DATA EXTRACT >>
Start of Block
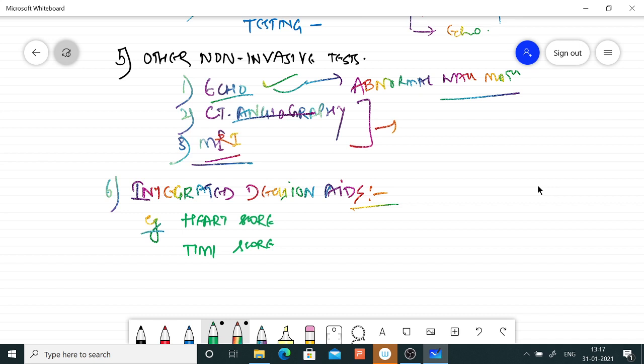There are integrated decision aids like the HEART score, which includes History, ECG, Age, Risk factors, and Troponin. A score of 0 to 3 indicates low risk of myocardial ischemic pain; a score of 4 or more suggests possible myocardial ischemic pain. For gastrointestinal causes, the algorithm can be followed on an OPD basis and will be discussed along with those conditions.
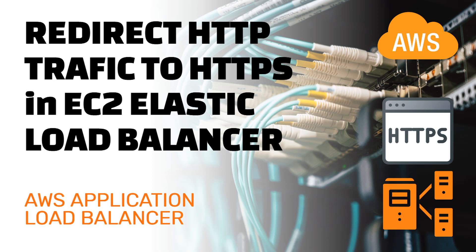You can do all this redirecting without touching your application or website code just by using the Elastic Load Balancer. Of course, for this you need to use an Elastic Load Balancer, so if you have a simple website without a load balancer in front of it, then you still have to use those methods that I mentioned earlier. So let's get started.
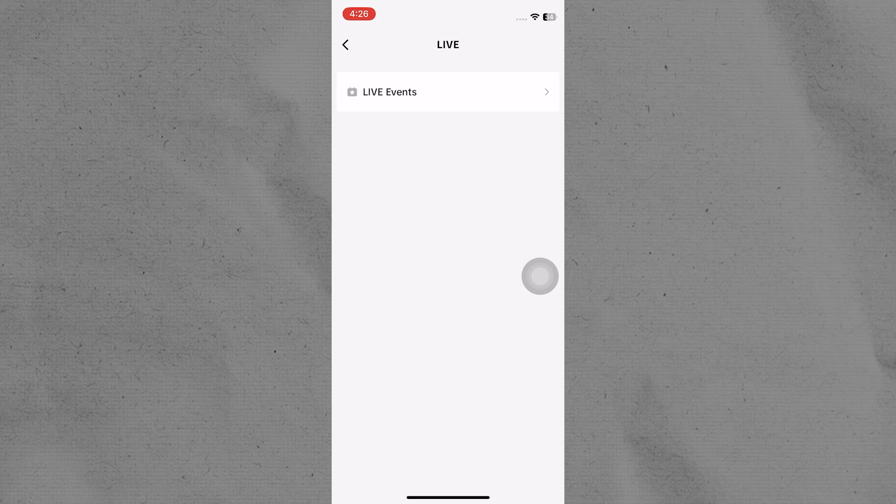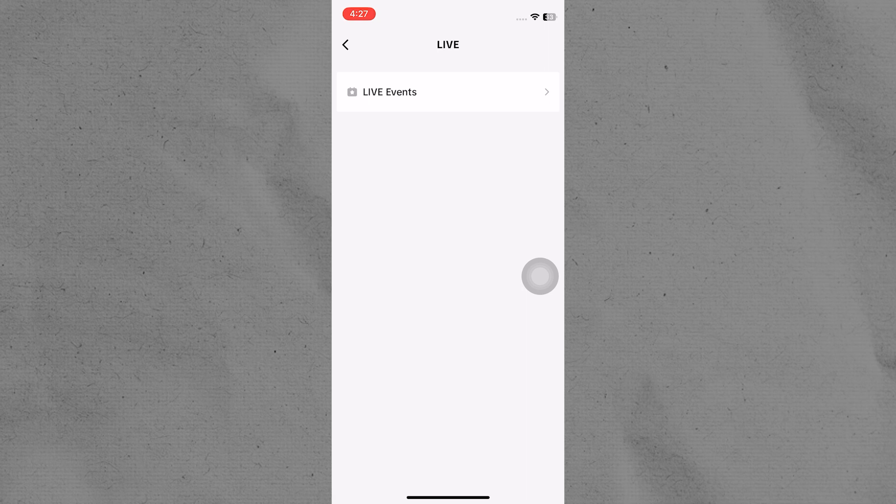If you don't see the option for live streaming in your account settings, it is possible that it is not available in your region yet or that you haven't met the necessary requirements. Keep growing your account and engaging with your audience and you may gain access in the future.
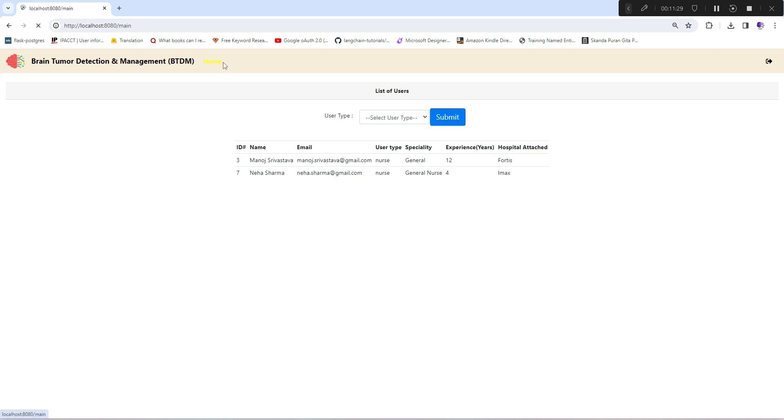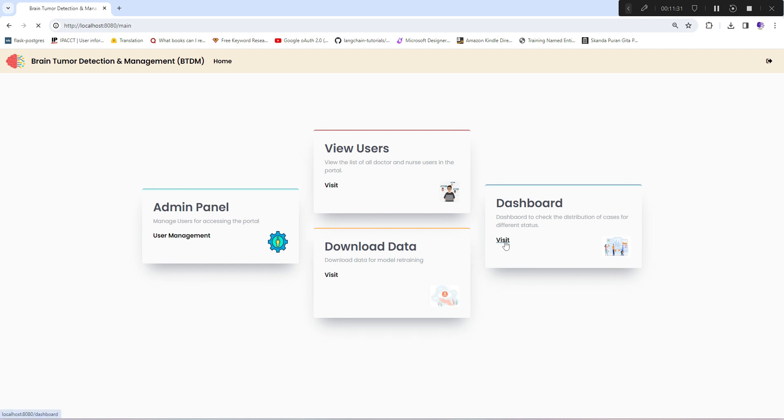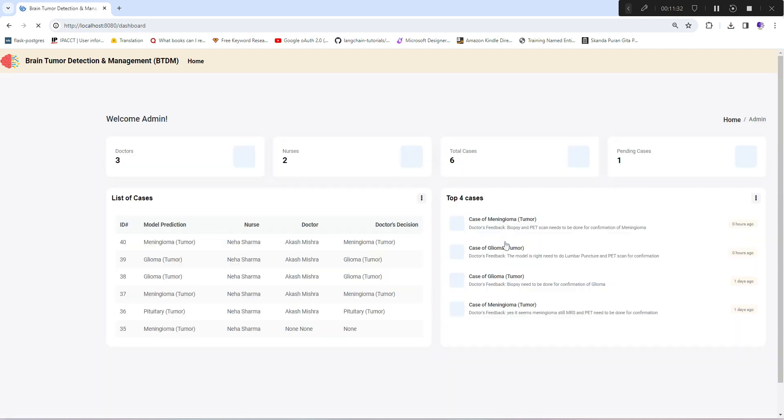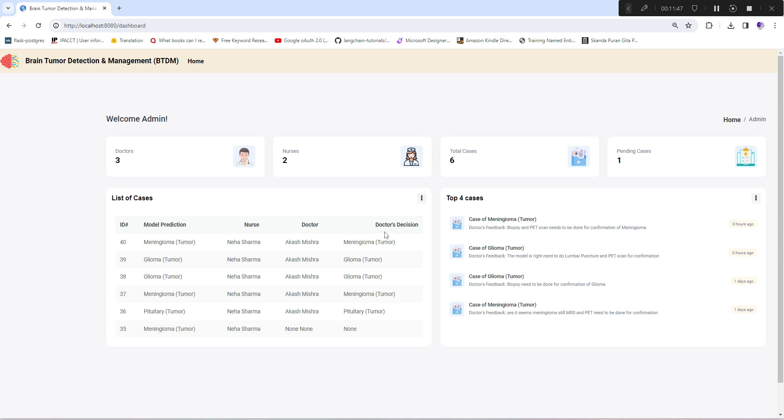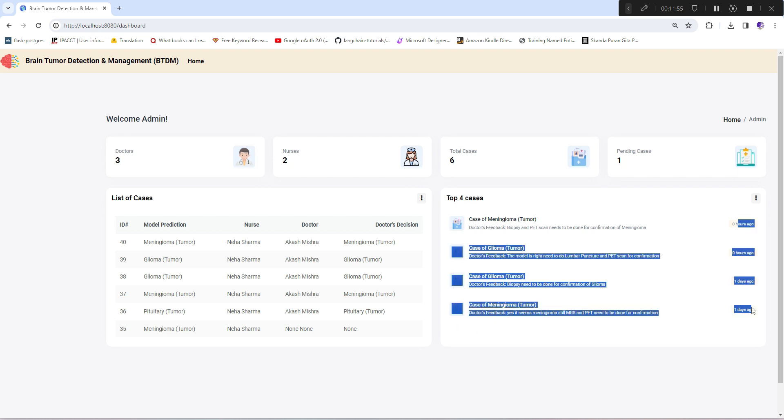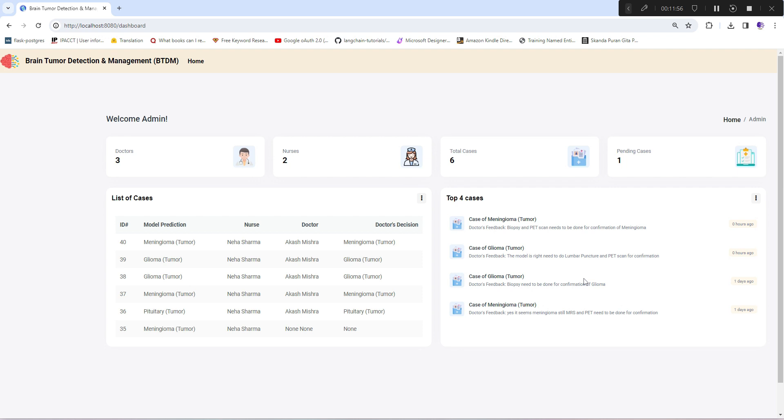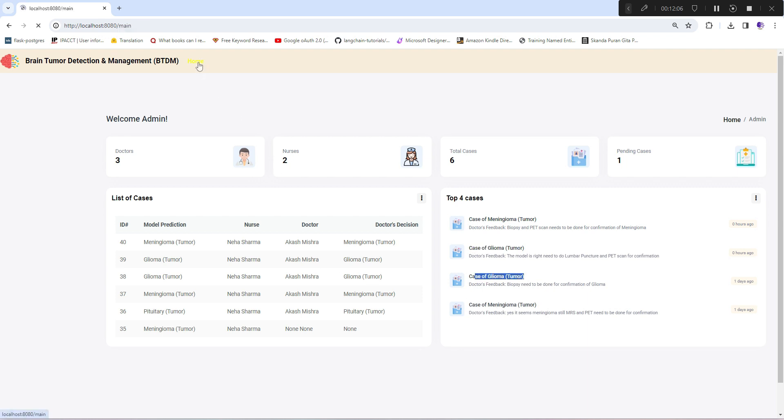Next option is the dashboard, which is similar to what we showed in skin cancer detection management: number of doctors, nurses, total cases, number of pending cases, list of cases along with doctors and nurse details and final doctor's decision. These are the top four last recent cases along with the time when it came and doctor's feedback.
End of Block
TASK BRIEF >>
Pictures aside, reproduce all of the material above without alteration.

OUTPUT BELOW >>
There are integrated decision aids like the HEART score, which includes History, ECG, Age, Risk factors, and Troponin. A score of 0 to 3 indicates low risk of myocardial ischemic pain; a score of 4 or more suggests possible myocardial ischemic pain. For gastrointestinal causes, the algorithm can be followed on an OPD basis and will be discussed along with those conditions.
You can do all this redirecting without touching your application or website code just by using the Elastic Load Balancer. Of course, for this you need to use an Elastic Load Balancer, so if you have a simple website without a load balancer in front of it, then you still have to use those methods that I mentioned earlier. So let's get started.
If you don't see the option for live streaming in your account settings, it is possible that it is not available in your region yet or that you haven't met the necessary requirements. Keep growing your account and engaging with your audience and you may gain access in the future.
Next option is the dashboard, which is similar to what we showed in skin cancer detection management: number of doctors, nurses, total cases, number of pending cases, list of cases along with doctors and nurse details and final doctor's decision. These are the top four last recent cases along with the time when it came and doctor's feedback.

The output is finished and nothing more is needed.